Brian Moody, executive editor of the Autotrader website, told me he expected more manufacturers to adopt automated safety technology in the coming years, “at lower prices and in more types of vehicles.” However, he continued: “These are businesses we’re talking about, and they’re in business to make money. They don’t want to be sued, and I’m not so cynical as to think they don’t care about deaths — they do. But at the risk of being dumb, the cost is a consideration.”
A young driver in the market for a $40,000 vehicle might find one with a suite of so-called nanny features, or one with a huge engine and asphalt torque, but probably not both. And young drivers, as has long been the case, tend to be responsible for much of the extremely dangerous behavior on American roads. In 2012, 4,283 drivers aged 15 to 20 were involved in fatal crashes. In 2021, the latest year for which data is available, it was 5,565. As with other demographic groups, more teenagers are speeding: Of all driver age groups, young men are the most likely to be traveling over the posted speed limit at the time of a fatal crash.

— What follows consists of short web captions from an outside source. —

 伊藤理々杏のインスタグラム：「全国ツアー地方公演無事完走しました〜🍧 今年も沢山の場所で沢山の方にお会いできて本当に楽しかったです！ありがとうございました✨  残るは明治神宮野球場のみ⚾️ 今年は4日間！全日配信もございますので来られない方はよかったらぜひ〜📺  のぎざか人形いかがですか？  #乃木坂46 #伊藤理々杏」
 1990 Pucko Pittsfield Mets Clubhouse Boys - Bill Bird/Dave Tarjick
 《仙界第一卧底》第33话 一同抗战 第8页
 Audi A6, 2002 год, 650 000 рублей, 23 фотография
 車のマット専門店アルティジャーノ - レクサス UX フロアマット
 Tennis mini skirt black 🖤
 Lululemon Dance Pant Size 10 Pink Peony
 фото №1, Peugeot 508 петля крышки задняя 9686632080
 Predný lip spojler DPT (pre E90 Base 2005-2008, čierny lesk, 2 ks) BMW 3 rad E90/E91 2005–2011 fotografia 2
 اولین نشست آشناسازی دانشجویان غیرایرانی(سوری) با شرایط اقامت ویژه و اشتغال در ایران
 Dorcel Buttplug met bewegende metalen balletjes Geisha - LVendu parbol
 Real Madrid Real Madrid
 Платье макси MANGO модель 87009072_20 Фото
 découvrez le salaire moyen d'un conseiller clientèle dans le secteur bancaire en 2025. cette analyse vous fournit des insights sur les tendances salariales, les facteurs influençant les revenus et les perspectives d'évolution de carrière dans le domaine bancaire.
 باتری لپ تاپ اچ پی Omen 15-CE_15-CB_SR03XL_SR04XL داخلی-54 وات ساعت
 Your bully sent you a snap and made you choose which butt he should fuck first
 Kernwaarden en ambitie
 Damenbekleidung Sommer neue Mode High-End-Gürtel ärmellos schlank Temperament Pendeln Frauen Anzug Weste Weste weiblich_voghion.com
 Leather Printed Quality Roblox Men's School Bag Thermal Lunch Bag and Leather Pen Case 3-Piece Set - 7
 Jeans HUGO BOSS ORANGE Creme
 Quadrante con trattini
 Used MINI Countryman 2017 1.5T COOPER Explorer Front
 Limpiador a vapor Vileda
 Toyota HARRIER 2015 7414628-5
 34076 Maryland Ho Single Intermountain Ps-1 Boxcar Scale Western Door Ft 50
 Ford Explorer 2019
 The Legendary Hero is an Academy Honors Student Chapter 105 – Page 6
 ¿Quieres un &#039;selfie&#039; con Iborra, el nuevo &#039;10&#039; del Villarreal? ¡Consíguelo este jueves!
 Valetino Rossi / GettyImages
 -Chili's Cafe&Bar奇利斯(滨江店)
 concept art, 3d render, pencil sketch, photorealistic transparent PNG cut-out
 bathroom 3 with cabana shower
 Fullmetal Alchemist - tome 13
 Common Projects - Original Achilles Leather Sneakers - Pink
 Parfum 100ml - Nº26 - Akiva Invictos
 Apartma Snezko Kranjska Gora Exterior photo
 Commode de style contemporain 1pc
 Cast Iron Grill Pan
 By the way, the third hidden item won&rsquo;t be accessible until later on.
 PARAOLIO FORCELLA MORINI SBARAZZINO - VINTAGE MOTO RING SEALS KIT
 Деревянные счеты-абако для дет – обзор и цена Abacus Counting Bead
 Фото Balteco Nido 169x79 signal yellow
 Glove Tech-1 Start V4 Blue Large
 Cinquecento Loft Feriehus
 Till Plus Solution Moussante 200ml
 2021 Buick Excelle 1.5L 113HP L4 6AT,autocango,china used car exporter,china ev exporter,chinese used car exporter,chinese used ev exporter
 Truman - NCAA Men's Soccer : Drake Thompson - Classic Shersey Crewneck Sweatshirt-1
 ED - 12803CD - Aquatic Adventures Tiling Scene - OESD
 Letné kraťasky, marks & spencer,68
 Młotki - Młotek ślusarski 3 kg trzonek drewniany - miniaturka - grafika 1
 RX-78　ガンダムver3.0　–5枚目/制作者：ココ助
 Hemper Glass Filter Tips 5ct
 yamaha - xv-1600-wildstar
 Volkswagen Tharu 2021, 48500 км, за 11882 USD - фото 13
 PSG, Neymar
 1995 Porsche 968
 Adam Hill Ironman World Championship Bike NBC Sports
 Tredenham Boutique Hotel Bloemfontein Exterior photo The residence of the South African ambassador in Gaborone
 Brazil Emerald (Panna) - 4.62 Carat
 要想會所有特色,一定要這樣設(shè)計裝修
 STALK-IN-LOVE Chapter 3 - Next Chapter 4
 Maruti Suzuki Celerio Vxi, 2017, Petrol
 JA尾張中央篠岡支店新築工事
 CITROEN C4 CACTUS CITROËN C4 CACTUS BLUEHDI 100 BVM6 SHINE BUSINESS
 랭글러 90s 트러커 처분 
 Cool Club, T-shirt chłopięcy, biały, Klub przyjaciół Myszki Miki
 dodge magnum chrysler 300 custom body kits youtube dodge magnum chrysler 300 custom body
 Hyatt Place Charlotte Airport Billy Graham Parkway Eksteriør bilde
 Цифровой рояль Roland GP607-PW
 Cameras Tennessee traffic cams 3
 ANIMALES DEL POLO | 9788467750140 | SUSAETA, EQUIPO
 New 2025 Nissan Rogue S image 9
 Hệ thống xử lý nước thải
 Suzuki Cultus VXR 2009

The purest expression of the teenage speed phenomenon is the rise of illegal street racing. “I think of it as a plant or a weed that hasn’t been taken care of and during the pandemic, the thing went wild,” says Lili Trujillo Puckett, who founded Street Racing Kills in 2014, after Puckett was 16. -the daughter was killed in a race. Puckett now works with courts in California, Florida and Texas on offender intervention programs. “When you meet these guys, they tend to tell you the same thing,” he says. “Yes, they know it’s dangerous. They know they can be hurt and that they can hurt others. But they like the adrenaline rush, they like the excitement, and they have this immature mind quality: They say, “It’s not going to happen to me.”
National data on accidents resulting from street racing are hard to come by, but officials in California, Florida and Texas, where the phenomenon is endemic, have reported significant increases in the number of complaints — in 2021, the Los Angeles County Sheriff’s Department received 1,380 calls from residents about local breeds, a 60 percent increase from the previous year. Amanda Granit, a spokeswoman for the Hillsborough County Sheriff’s Office in Florida, told me that most of the runners that county deputies have arrested have been young and male. But not all of them, he clarified: “We’ve also arrested female drivers, including a mom in a minivan, for doing donuts on the road.”
In September, the Department of Transportation released data in early 2023 showing that 21 states had seen climbing fatality rates compared to the same period in 2022. 29 had experienced modest improvement. “I can’t claim we have it all figured out because it could change,” says Col. Matt Langer, head of the State Patrol in Minnesota, where officials recorded an 11 percent drop in fatalities year over year. But that drop, Langer says, represents several dozen people living now who would have died a year ago. “And what made it possible is focusing on the behaviors that kill people. So speed, seat belts, disability and distraction. For us, a full 85 percent of our law enforcement work last year involved those four things.”